Is Roseville Pottery Always Marked?
Roseville pottery is not always marked. In fact, pieces made between 1927 and 1935 were often marked with a triangular black paper or foil label. In many cases, this label has disappeared, leaving the Roseville piece unmarked. Some collectors believe Roseville also made pieces without a mark or even a paper label.
Roseville Pottery Marks With Names
If you have a piece of Roseville pottery with a mark, look for the following marks to help you identify and date the piece:
- RPCo - This mark appears on pieces made from the time the factory opened in 1904 through the 1920s.
- Rozane - The Rozane mark was used before the mid-1920s and sometimes also included the name of the line.
- Rv - This mark appears on pieces made from around 1915 through about 1925.
- Roseville Pottery Company - This was another very early mark in the company history, and pieces bearing it date to before 1930.
- Roseville, USA (indented) - This mark was used between 1932 and 1937.
- Roseville, USA (raised) - This mark was used from 1937 onward.
Meanings of Numbers in Roseville Pottery Marks
Beginning the in the mid-1930s, Roseville began to add shape and size number marks to their pottery. This additional mark usually appears below the letter mark, offering extra information about the piece. The number marks often have two or three digits, a dash, and one or two more digits: XXX-X. The first number refers to the line. The second number refers to the size of the piece, either in height or diameter. Here are some examples:
- 35-9 - Roseville Bushberry 9-inch piece
- 738-10 - Roseville Silhouette 10-inch piece
- 294 - 12 - Roseville Moss 12-inch piece
Determining Fake from Real
Even experts have a difficult time distinguishing genuine antique Roseville pottery from the false, partly because the Roseville company was not consistent about applying its marks, partly because there were so many contemporary imitators, and partly because there are so many antique reproductions being made today. Most of these are from China, and they often include misleading marks, including the word "Roseville." The following can be signs a piece is fake:
- Carelessly applied glaze - Roseville was known for its meticulous glazing, so drips or smears, or simply a dull or flat glaze, are an immediate indication that a piece is very likely to be an imitation.
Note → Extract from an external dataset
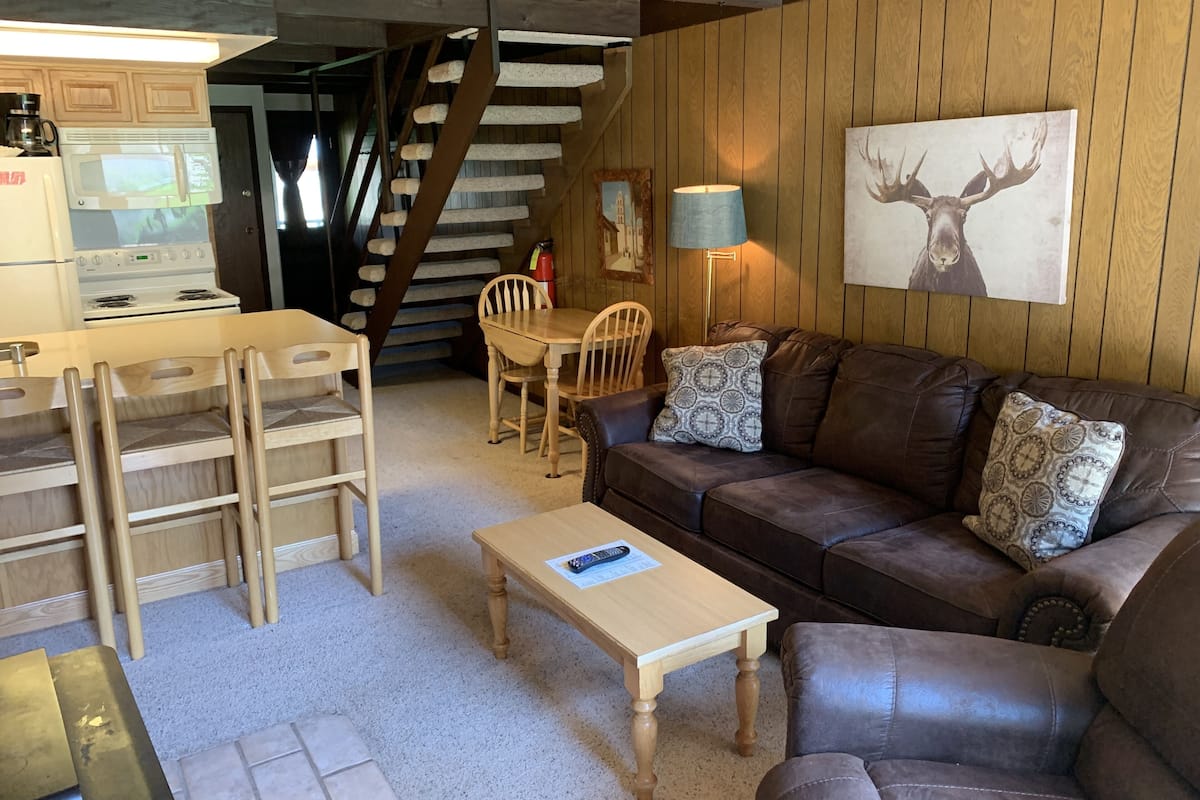#9 - 2 Bedroom Studio | Living area | Flat-screen TV, fireplace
- Light weight - Roseville used denser clay than most of its imitators, so real pieces feel substantial similar to antique stoneware crocks. If a piece feels light, it's a sign you should dig deeper into its history.
- Bulky handles - Most imitations have bulkier handles than the originals, which were light but sturdy.
- Vague details - Real Roseville pottery has beautiful details. If details aren't sharp and clear, it's very likely a fake.
- Bright or muddy colors - Genuine Roseville pottery has subdued but glowing colors. Bright or muddy colors are both bad signs.
- Too-low prices - If it's in an antique store or sold by an antique dealer and the price is less than $50, it's either damaged or not Roseville. Roseville is so well known these days, thanks to several taste revivals, that the odds of finding an undervalued piece are only a bit better than lottery tickets.
Learn About the Value of Roseville Pottery
If you are considering buying or selling some Roseville pieces, take some time to research Roseville pottery prices. Special pieces can sell for thousands of dollars, but it's important to understand how condition and other factors can affect value. That way, you can use your knowledge of Roseville pottery marks to choose the items you really want in your collection.